## Supplied data
● ● ● ● ● ● ●
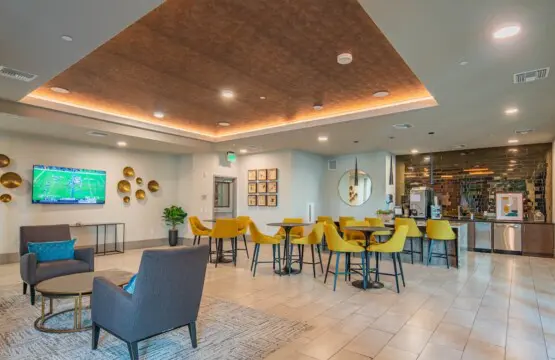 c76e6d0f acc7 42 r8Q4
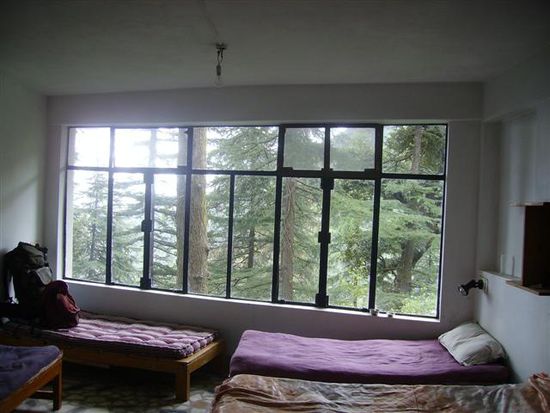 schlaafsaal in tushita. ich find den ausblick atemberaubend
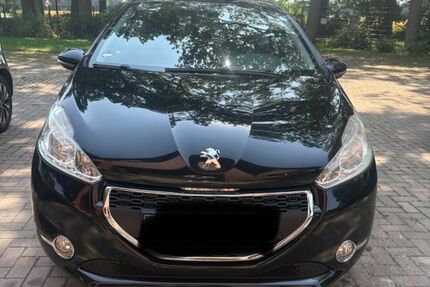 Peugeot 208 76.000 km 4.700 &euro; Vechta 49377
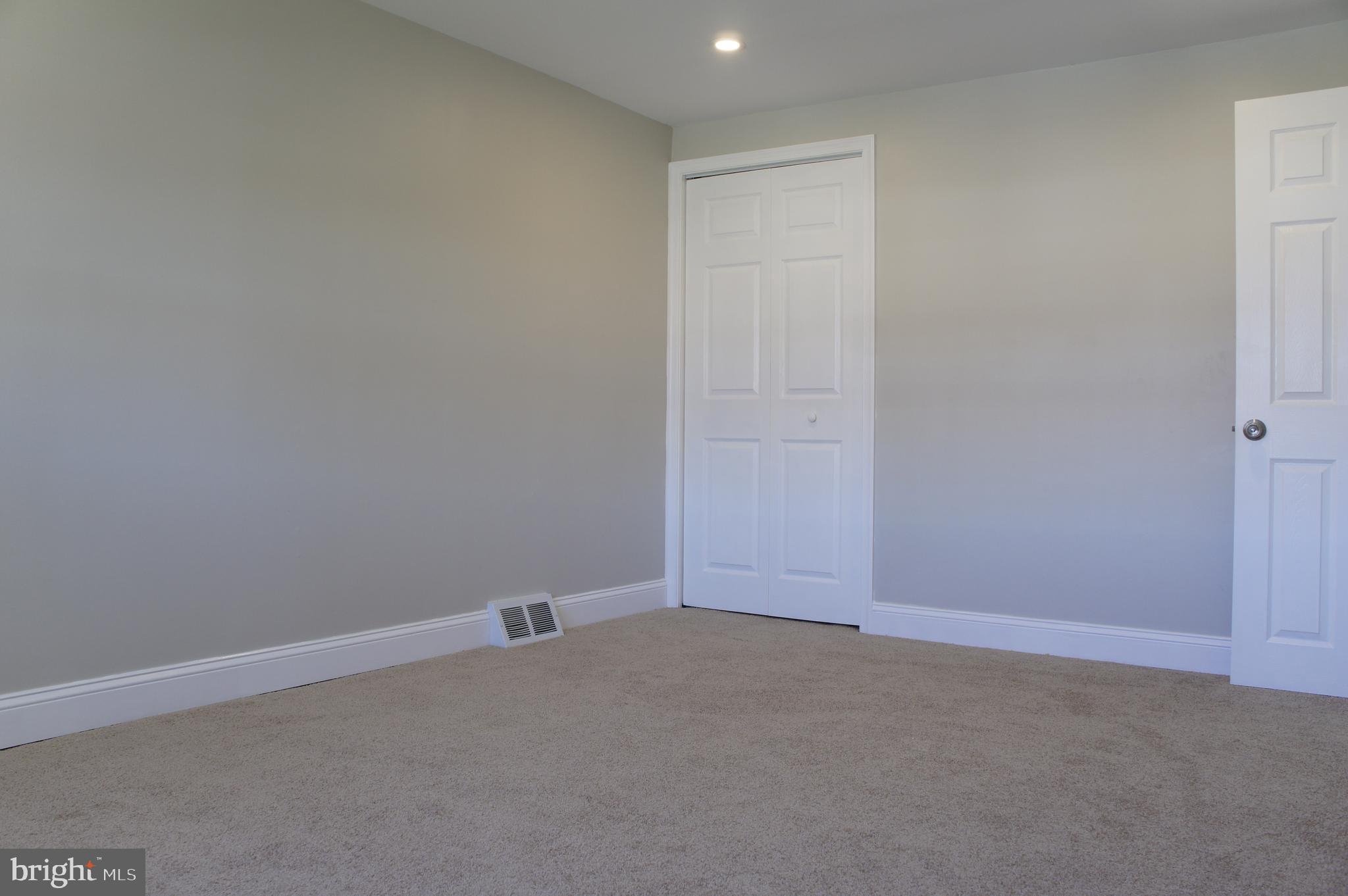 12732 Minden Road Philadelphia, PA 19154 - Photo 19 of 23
● ● ● ● ● ● ●
## Exercise goal
Repeat the listing above in full, exactly, and omit its pictures.

## Answer to this task
 c76e6d0f acc7 42 r8Q4
 schlaafsaal in tushita. ich find den ausblick atemberaubend
 Peugeot 208 76.000 km 4.700 &euro; Vechta 49377
 12732 Minden Road Philadelphia, PA 19154 - Photo 19 of 23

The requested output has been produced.